Erneut überlegener Sieg für Felix Donath – Greiz, 1. Mai 2005

U11m+w, U13m+w, U15w

Erneut überlegener Sieg für Felix Donath – Greiz, 1. Mai 2005

3. Etappe: Straßenrennen in Greiz-Pohlitz.

Mit einem für die jüngsten Radamateure schweren Straßenrennen ging am 1. Mai 2005 die 3. Ostthüringen Tour zu Ende. 6,7 Kilometer lang war der bergige Rundkurs, der ein- bzw. zweimal durchfahren werden musste.

Wiederum war es Felix Donath vom Seifhennersdorfer SV, der diesen Kurs spielend hinter sich brachte. Nach den 13,4 km kam er, wie schon tags zuvor in Silbitz, ganz allein im Ziel an. Mit weit über Eineinhalbminuten folgten ihm Maximilian Stier vom ESV Lok Zwickau und Manuel v. Spangenberg. Wäre da nicht der Patzer beim Geschicklichkeitsfahren gewesen, hätte Felix Donath Maximilian Stier möglicherweise noch das gelbe Trikot des Führenden im Gesamtklassement der U 13 streitig machen können. Was ihm aber blieb, war das weiße Trikot für den vielseitigsten Fahrer.

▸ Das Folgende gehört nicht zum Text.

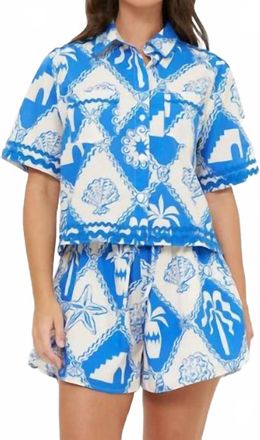 Oliphant Parker Top In Asteria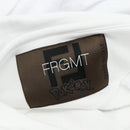 FENDI FENDI x FRGMT x POKÉMON Hoodie Kairyu Cotton XS White Auth 167274SM-12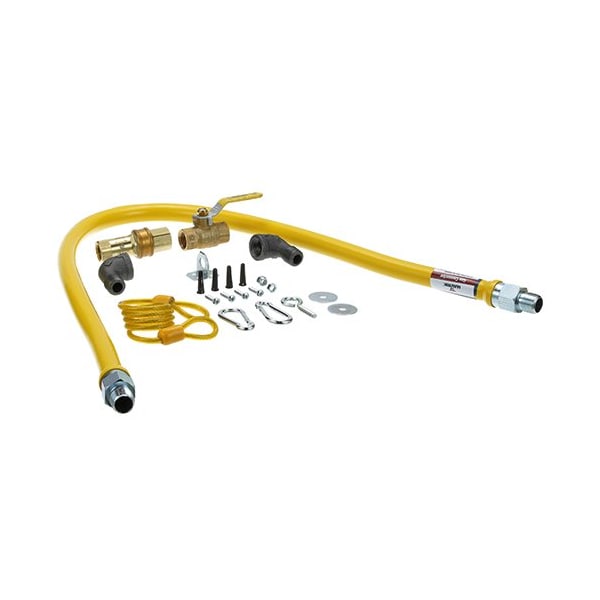 MAVRIK GAS HOSE KIT, 1/2" X 48" for Dormont
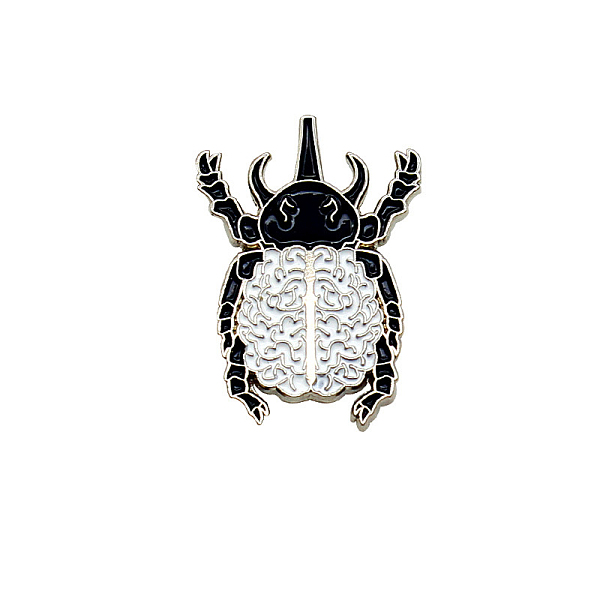 PandaHall Safety Brooch Pin, Alloy Enamel Badge for Suit Shirt Collar, Long-horned, Insects, 30x21mm Alloy+Enamel Insects
PandaHall Safety Brooch Pin, Alloy Enamel Badge for Suit Shirt Collar, Long-horned, Insects, 30x21mm Alloy+Enamel Insects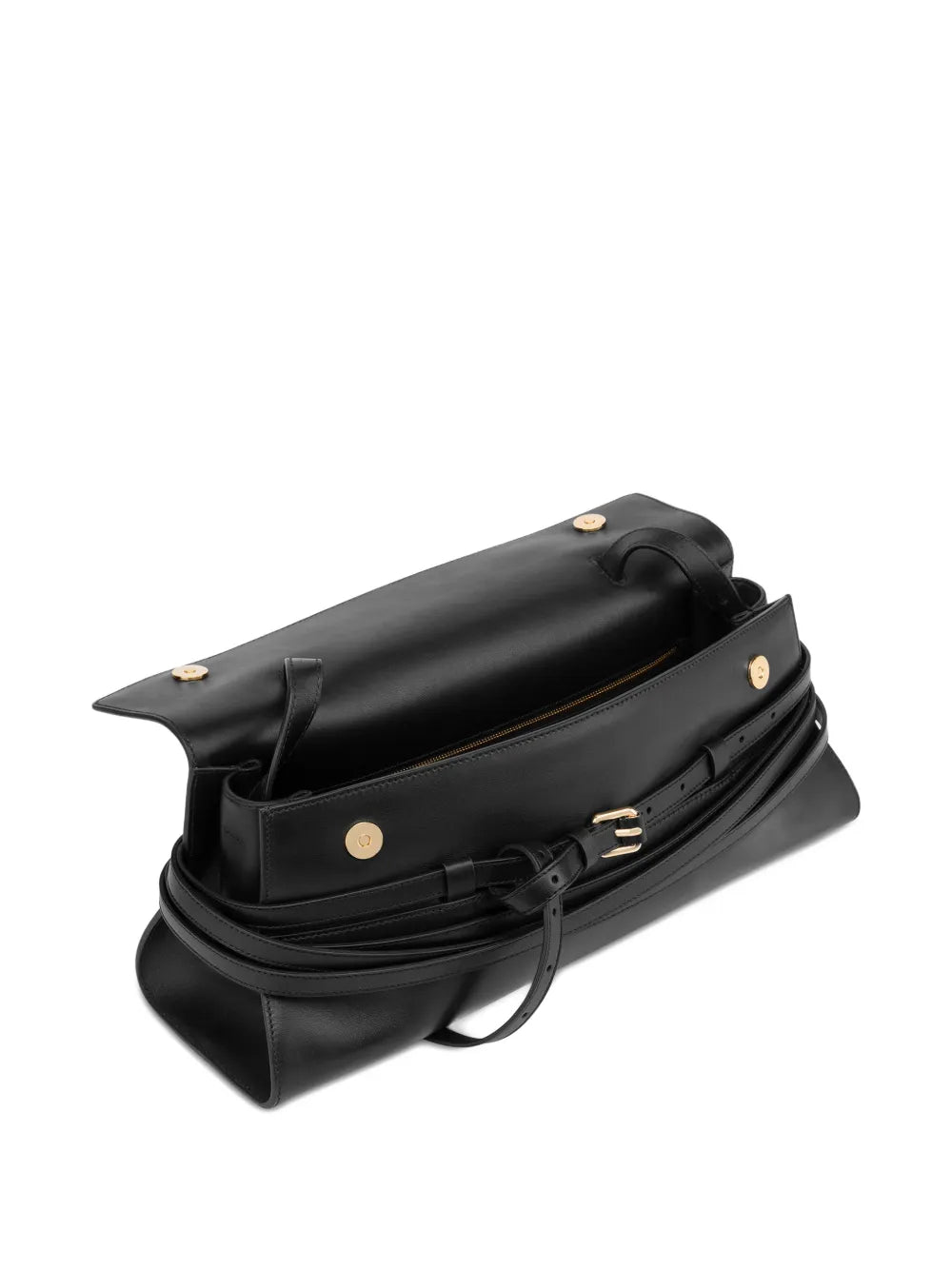 Moschino Medium Tie Me Shoulder Bag — Same as shown — Size One Size — Back View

Igor Macevic vom ESV Lok Zwickau, der nach Silbitz im gelben Trikot des Gesamtführenden in der U 11 fuhr, beendete sein Ostthüringen-Debüt mit einem Etappensieg. Die Plätze zwei und drei gingen an Guido Bötticher (TSV 1891 Breitenworbis) und Jan Stötzer (RSV Lok Templin). Ann-Leonie Wiechmann (RSC Hildesheim) übernahm von Sebastian Meinhardt (RSV Pfeil Wingerode) das weiße Vielseitigkeitstrikot und auch das rote Trikot für das beste Mädchen, welches vor dem Startschuss in Greiz noch von Laura Maria Zeitz (1. RSV 1886 Greiz) getragen wurde.

In der U 15 bestätigten die führenden Mädchen ihre Positionen. Wie schon beim Prolog in Gera und beim Rundstreckenrennen in Silbitz hatte auch in Greiz Saskia Seithel (RC Bellheim) die schnellsten Beine und untermauerte so ihren Anspruch auf den Tourgesamtsieg. Melanie Wotsch (RSG Lauf) und Maria Hesse (SV Grün-Weiß Hildburghausen) gingen als Zweite und Dritte über den Zielstrich. In Silbitz übernommen, verteidigte Nicole Ackermann (RV Kandel) ihr weißes Trikot für die vielseitigste Fahrerin.